Hans Burgkmair (1473–1531)

Der junge Weisskunig spielt mit anderen Kindern

 

In: Marx Treitzsaurwein, Der Weiß Kunig. Eine Erzehlung von den Thaten Kaiser Maximilian des Ersten, 1514–1516 (Erstpublikation Wien 1775)

 

Monogramm auf dem Tischtuch: H·B

Holzschnitt

Bildrand: 22 x 19,6 cm

Inv.-Nr. AG.K. 7909

Provenienz: Erwerbung vor 1937

 

 

Dieser Holzschnitt gehört zum zweiten Teil der spätmittelalterlichen Publikation Weisskunig. Der Druck erläutert die Ausbildung eines zukünftigen Herrschers, der schon als Kind neben den Sieben Freien Künsten vor allem die Sieben Ritterlichen Künste zu erlernen hat: Reiten, Schießen mit Pfeil und Bogen, Fechten, Schwimmen, Jagen, das Schachspiel sowie die Dichtkunst. Zu sehen ist der junge „weise König“ (Weisskunig) – gekennzeichnet mit einem Haarkranz – in einer Synchrondarstellung beim Reiten auf den Schultern seines Vaters, beim Spannen eines Bogens und Armbrustschießen, beim Turnierspiel sowie an einem Geschütz. In der Vorstellung des Auftraggebers lernte der Weisskunig schnell, so das Er alle ander der fursten und herrn kinder ubertraff.

 

Maximilian I. (1459–1519) beauftragte seinen Sekretär Marx Treitzsaurwein (um 1450–1527) mit der Verfassung zweier autobiographischer Schriften. Eine davon ist die Geschichte des Weisskunig. Das Werk besteht aus drei Teilen, die eine Mischung aus Heldenroman, Chronik und Fürstenspiegel bilden.

 

Das Projekt konnte jedoch bis zum Tod Maximilians nicht vollendet werden. Es gibt Probedrucke der Holzschnitte aus den Jahren 1514–1516. Text und Illustrationen wurden jedoch erst 1775 in Wien veröffentlicht.

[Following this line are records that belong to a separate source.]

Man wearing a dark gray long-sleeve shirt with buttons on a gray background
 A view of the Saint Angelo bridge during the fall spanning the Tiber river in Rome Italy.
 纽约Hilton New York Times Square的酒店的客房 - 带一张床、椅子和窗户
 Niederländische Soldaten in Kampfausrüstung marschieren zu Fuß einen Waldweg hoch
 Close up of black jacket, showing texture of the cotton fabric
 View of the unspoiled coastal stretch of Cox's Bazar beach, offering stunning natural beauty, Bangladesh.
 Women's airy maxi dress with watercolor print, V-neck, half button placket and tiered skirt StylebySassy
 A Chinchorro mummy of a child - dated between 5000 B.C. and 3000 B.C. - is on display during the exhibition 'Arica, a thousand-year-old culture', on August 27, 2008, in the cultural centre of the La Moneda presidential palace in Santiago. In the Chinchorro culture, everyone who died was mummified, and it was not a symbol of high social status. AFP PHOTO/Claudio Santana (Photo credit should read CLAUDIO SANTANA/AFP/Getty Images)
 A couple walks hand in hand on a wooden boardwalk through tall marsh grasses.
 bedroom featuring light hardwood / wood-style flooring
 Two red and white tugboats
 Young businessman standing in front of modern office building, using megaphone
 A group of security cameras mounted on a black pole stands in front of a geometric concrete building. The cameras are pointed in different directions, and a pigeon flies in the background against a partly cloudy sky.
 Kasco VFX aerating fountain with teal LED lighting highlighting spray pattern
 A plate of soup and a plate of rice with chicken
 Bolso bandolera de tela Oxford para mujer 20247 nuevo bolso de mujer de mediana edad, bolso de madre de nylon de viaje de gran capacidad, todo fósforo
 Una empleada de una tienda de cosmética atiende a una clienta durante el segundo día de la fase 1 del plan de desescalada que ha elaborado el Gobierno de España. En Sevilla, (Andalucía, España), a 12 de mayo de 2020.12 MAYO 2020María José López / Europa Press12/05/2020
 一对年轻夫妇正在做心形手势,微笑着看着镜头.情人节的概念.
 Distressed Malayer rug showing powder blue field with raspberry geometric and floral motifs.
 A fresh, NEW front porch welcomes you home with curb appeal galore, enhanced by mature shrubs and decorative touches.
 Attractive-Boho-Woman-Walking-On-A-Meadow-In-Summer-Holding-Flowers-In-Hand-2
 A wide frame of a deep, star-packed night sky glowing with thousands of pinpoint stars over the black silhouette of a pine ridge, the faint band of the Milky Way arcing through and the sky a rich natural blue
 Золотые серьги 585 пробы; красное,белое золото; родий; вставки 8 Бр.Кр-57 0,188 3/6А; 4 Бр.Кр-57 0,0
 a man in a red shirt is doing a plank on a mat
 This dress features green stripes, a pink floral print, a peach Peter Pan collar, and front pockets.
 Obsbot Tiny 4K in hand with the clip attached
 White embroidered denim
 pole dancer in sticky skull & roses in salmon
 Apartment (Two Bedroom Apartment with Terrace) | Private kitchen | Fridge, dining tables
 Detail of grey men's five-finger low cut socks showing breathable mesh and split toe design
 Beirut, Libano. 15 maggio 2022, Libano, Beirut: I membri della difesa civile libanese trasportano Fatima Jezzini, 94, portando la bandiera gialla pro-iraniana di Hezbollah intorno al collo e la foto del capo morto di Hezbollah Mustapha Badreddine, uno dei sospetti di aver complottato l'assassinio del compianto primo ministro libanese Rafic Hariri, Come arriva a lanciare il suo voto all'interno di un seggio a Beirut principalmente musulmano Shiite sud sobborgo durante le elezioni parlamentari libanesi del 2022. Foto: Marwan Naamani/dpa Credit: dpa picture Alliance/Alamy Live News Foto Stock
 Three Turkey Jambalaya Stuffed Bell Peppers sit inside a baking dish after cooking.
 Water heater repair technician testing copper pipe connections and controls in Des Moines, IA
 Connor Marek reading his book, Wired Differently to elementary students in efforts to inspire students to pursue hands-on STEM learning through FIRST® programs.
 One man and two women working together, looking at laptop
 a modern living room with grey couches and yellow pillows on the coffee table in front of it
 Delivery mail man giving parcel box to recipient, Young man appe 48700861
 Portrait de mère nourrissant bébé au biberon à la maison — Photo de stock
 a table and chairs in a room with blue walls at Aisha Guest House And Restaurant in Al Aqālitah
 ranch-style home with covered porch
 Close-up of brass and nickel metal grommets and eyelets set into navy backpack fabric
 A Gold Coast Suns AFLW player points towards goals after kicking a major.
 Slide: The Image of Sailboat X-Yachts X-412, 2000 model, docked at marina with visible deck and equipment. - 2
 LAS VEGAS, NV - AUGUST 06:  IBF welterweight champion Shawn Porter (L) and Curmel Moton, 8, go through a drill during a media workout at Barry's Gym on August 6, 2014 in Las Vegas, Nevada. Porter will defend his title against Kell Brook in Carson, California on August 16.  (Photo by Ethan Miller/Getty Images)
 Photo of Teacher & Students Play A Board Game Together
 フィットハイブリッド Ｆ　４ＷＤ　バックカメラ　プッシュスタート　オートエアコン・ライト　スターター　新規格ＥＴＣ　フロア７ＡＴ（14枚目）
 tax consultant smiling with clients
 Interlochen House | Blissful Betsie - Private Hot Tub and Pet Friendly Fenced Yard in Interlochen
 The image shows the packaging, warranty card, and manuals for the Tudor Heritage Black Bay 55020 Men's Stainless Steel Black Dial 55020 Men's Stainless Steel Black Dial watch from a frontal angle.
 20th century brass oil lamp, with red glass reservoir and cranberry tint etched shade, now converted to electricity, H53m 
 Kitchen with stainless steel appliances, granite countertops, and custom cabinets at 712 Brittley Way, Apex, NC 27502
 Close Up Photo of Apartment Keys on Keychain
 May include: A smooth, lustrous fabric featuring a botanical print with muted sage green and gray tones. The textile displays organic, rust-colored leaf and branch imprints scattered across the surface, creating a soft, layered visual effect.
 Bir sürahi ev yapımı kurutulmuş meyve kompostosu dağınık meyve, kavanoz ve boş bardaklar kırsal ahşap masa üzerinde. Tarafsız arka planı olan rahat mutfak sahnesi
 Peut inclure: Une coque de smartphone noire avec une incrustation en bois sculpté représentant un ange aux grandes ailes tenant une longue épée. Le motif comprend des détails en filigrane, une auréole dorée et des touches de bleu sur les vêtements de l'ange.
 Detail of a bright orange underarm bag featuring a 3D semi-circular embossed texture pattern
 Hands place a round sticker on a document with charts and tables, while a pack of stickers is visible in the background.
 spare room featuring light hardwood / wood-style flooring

Holzschnitt, Foto: UMJ/N. Lackner

Hans Burgkmair (1473–1531)

Der junge Weisskunig lernt das Artilleriewesen

 

In: Marx Treitzsaurwein, Der Weiß Kunig. Eine Erzehlung von den Thaten Kaiser Maximilian des Ersten, 1514–1516 (Erstpublikation Wien 1775)

 

Monogramm auf dem Mörser: H·B

Holzschnitt

Bildrand: 22,1 x 19,6‑20 cm

Inv.-Nr. AG.K. 7932

Provenienz: Erwerbung vor 1937

 

 

Der junge Weisskunig (siehe oben), zu erkennen an dem prunkvollen Mantel mit Hermelinkragen, besucht eine Werkstatt, die Geschütze herstellt. Die Raumsituation ist nicht eindeutig. Es ist unklar, ob sich die Personen auf einem Vorplatz oder in einem großen Raum, einer Art offenen Halle befinden. Im linken oberen Bildviertel ist ein Ausblick in eine Landschaft und auf ein typisches Fachwerkhaus der Dürerzeit gegeben. Für die Herstellung von Gerätschaften der Artillerie wurde viel Platz benötigt. Kanonenrohre und Kugeln von verschiedenen Größen liegen durcheinander am Boden. Die beiden Handwerker sind in moderner Schlitzkleidung und mit für ihren Beruf typischen ledernen Schürzen dargestellt. Einer von ihnen scheint dem König das Geschütz zu erklären, während der andere in seiner Arbeit innehält. Er hat das Innenrohr gerade mit einer Feile bearbeitet, so dass die Kugel beim Schuss einen Drall zur Stabilisierung der Flugbahn erhält. Im Vordergrund steht ein Mörser, ein Steilfeuergeschütz mit sehr kurzem Rohr, das schwenkbar war und in der frühen Zeit vor allem bei der Verteidigung von Festungsanlagen verwendet wurde.

 

Maximilian I. wird in der Literatur zum Kriegswesen immer wieder hervorgehoben, da er vor allem für die Feldartillerie wesentliche Neuerungen eingeführt hat, die über Jahrhunderte bestehen blieben. So teilte er die Artillerie in verschiedene Geschütztypen nach Kaliber ein und schuf damit eine Vereinheitlichung, die die Produktion der Kugeln nach einer bestimmten Norm ermöglichte.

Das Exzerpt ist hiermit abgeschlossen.